Work instruction: Output the entries below exactly as written, omitting pictures.

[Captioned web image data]

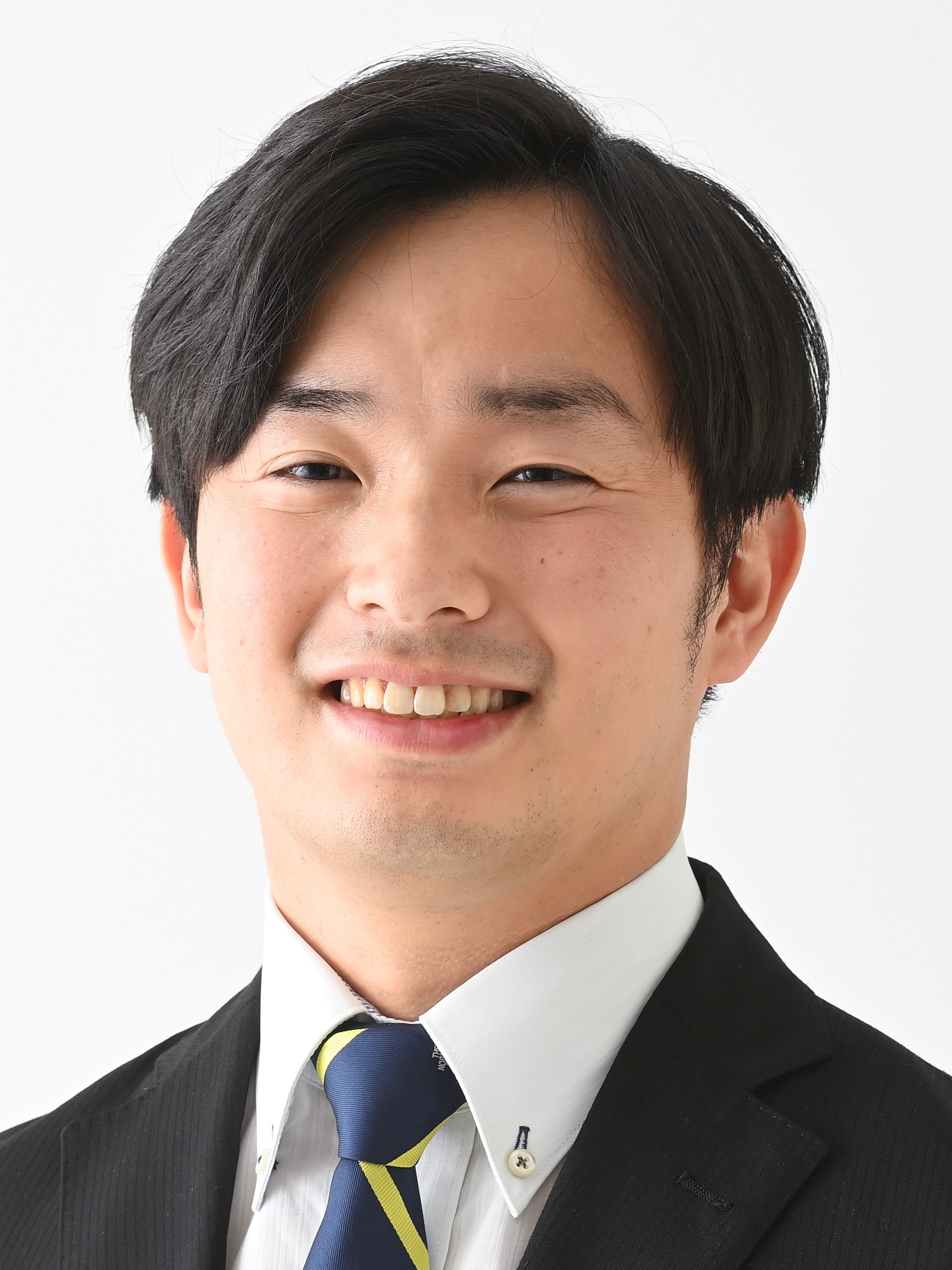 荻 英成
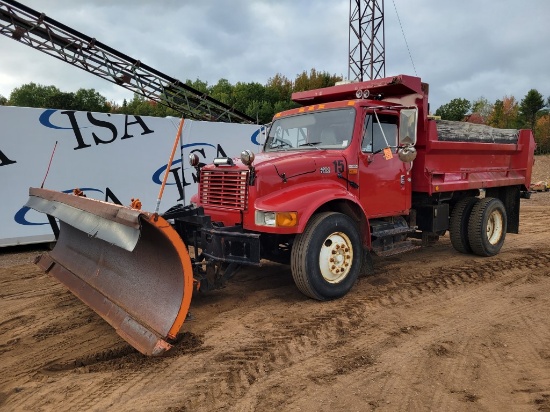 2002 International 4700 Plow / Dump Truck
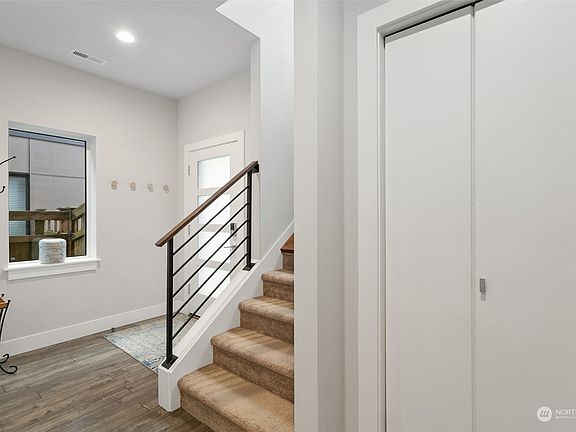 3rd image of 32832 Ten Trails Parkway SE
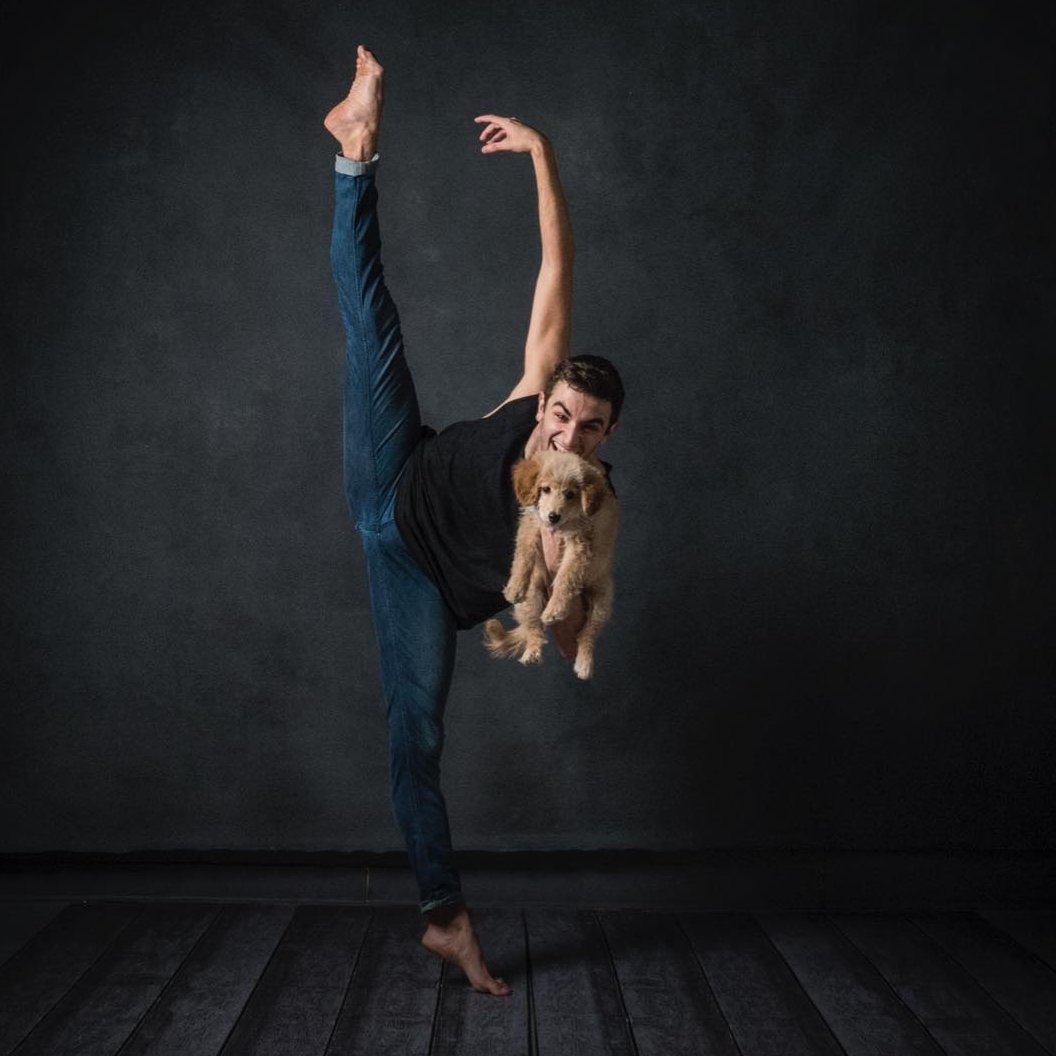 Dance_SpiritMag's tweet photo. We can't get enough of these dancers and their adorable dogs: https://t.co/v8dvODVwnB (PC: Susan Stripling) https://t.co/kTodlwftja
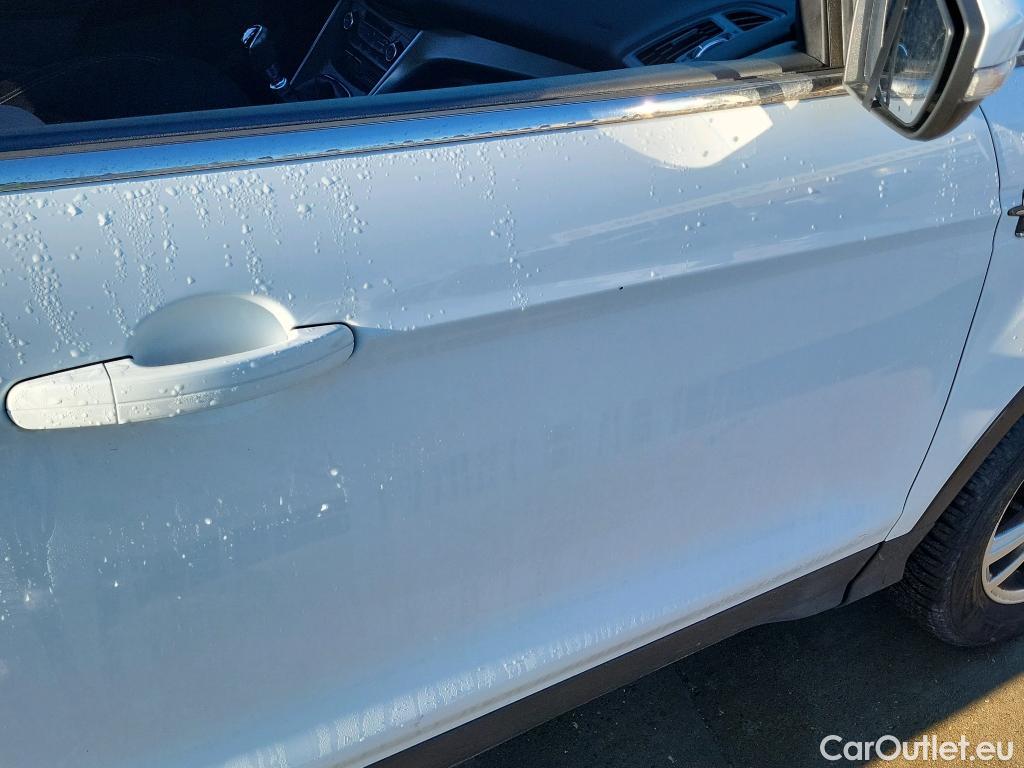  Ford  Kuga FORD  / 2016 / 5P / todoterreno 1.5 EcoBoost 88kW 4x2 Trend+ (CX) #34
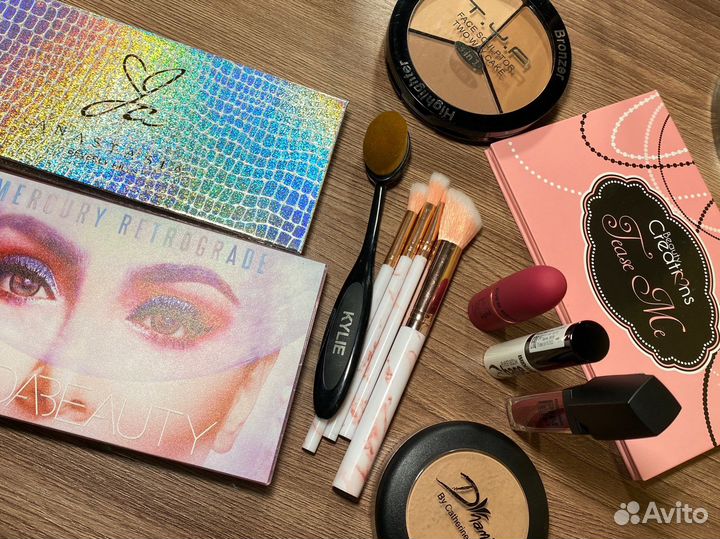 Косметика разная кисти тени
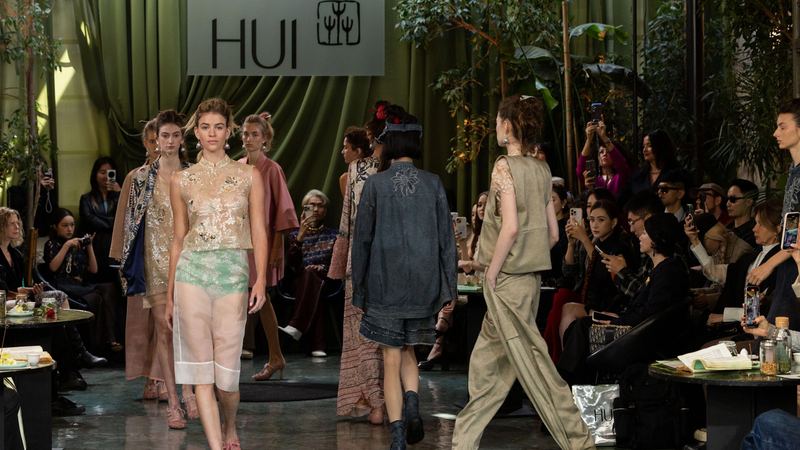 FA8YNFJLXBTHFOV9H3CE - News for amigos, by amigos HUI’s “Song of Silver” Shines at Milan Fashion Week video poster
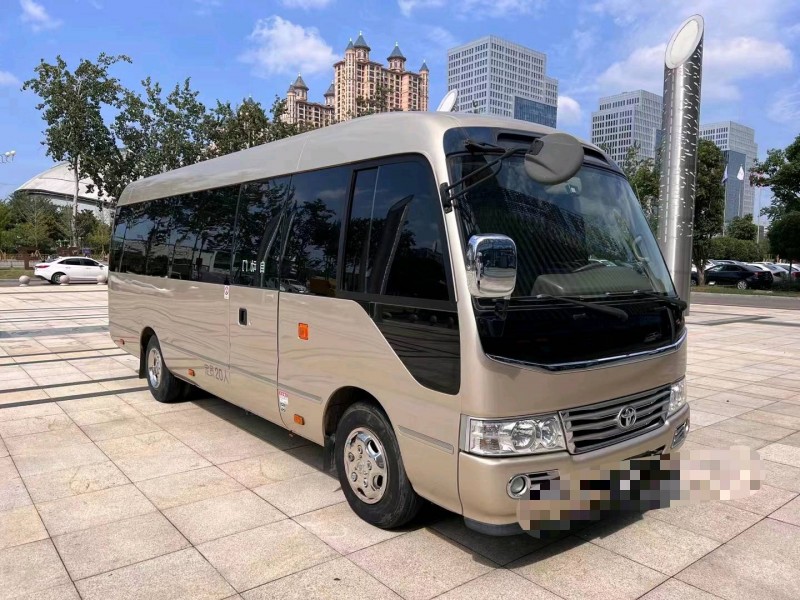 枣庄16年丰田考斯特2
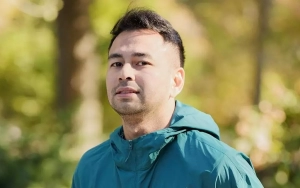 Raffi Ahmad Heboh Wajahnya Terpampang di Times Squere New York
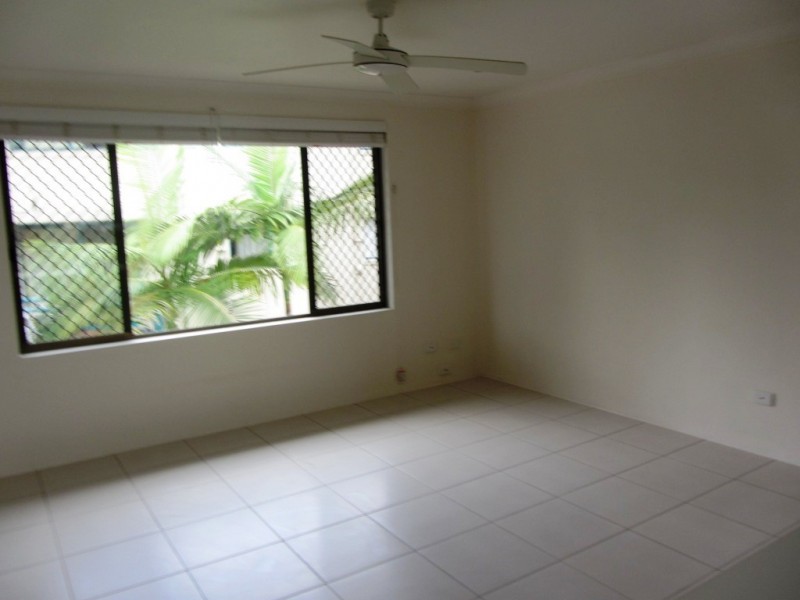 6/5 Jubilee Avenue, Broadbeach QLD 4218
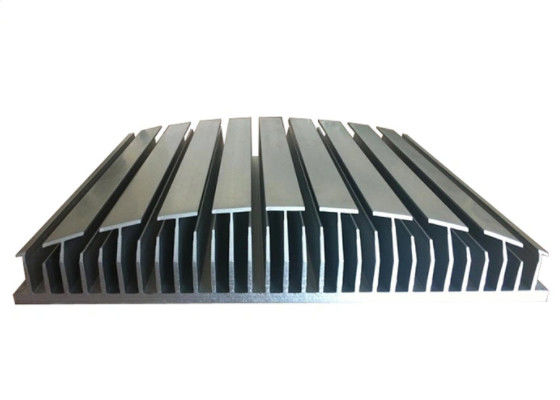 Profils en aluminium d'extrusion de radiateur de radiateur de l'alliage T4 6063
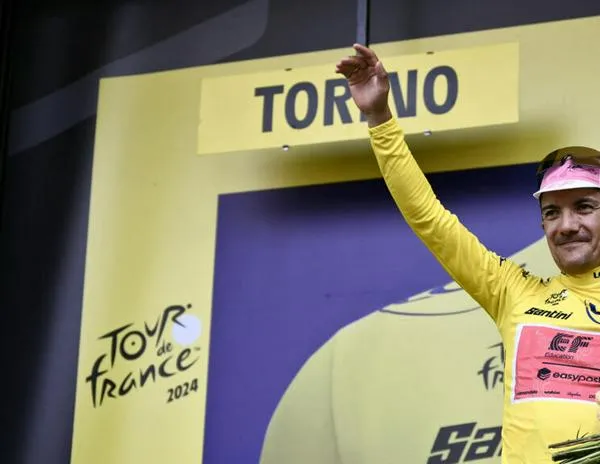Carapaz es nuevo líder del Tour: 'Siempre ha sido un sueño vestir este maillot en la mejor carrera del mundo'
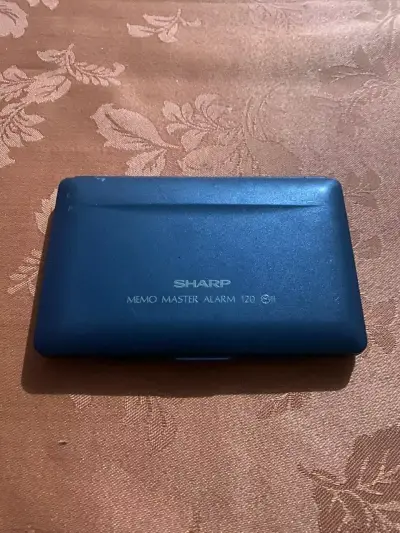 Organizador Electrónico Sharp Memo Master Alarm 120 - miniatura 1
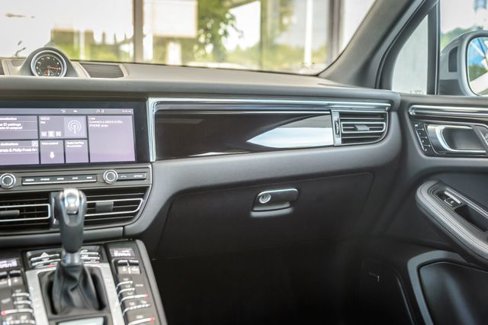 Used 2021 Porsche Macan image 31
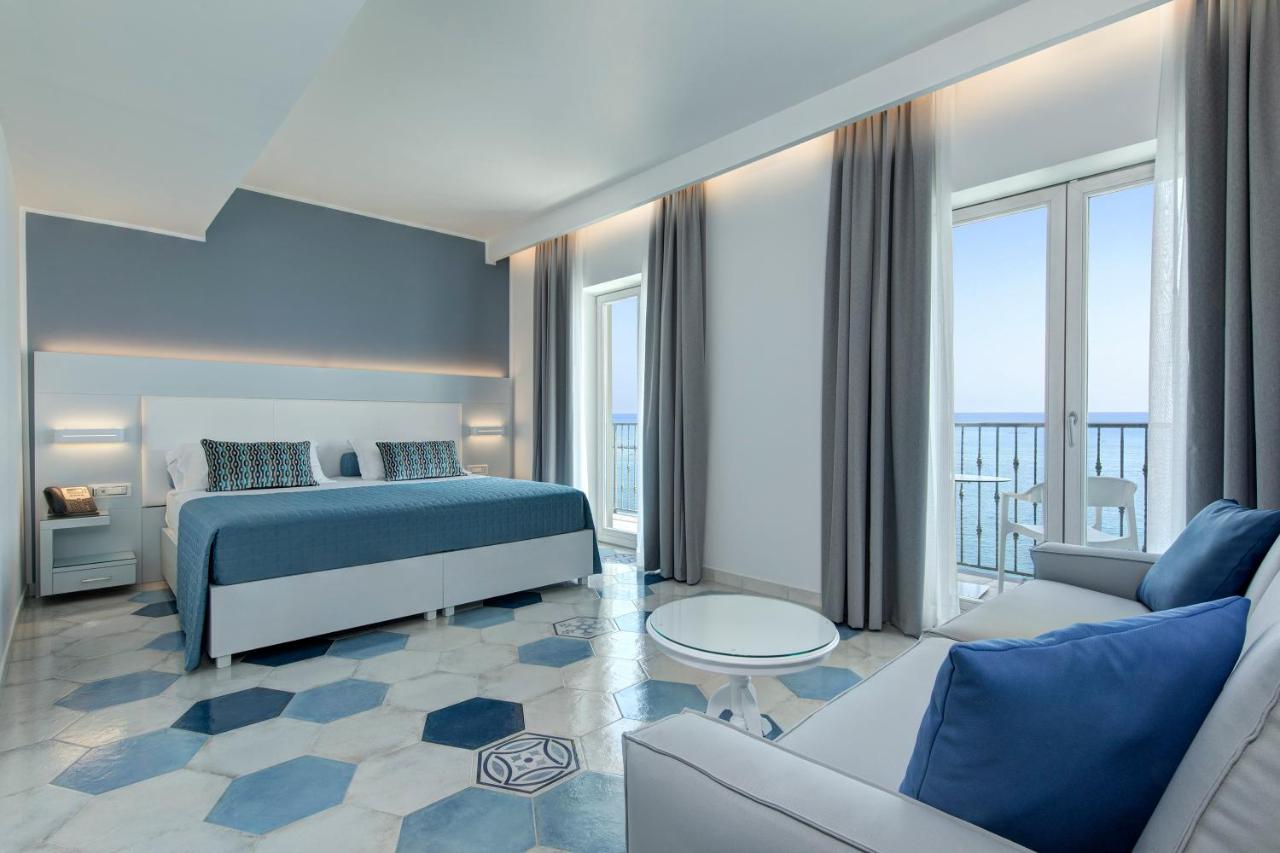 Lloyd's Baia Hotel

Response below:
 荻 英成
 2002 International 4700 Plow / Dump Truck
 3rd image of 32832 Ten Trails Parkway SE
 Dance_SpiritMag's tweet photo. We can't get enough of these dancers and their adorable dogs: https://t.co/v8dvODVwnB (PC: Susan Stripling) https://t.co/kTodlwftja
  Ford  Kuga FORD  / 2016 / 5P / todoterreno 1.5 EcoBoost 88kW 4x2 Trend+ (CX) #34
 Косметика разная кисти тени
 FA8YNFJLXBTHFOV9H3CE - News for amigos, by amigos HUI’s “Song of Silver” Shines at Milan Fashion Week video poster
 枣庄16年丰田考斯特2
 Raffi Ahmad Heboh Wajahnya Terpampang di Times Squere New York
 6/5 Jubilee Avenue, Broadbeach QLD 4218
 Profils en aluminium d'extrusion de radiateur de radiateur de l'alliage T4 6063
Carapaz es nuevo líder del Tour: 'Siempre ha sido un sueño vestir este maillot en la mejor carrera del mundo'
 Organizador Electrónico Sharp Memo Master Alarm 120 - miniatura 1
 Used 2021 Porsche Macan image 31
 Lloyd's Baia Hotel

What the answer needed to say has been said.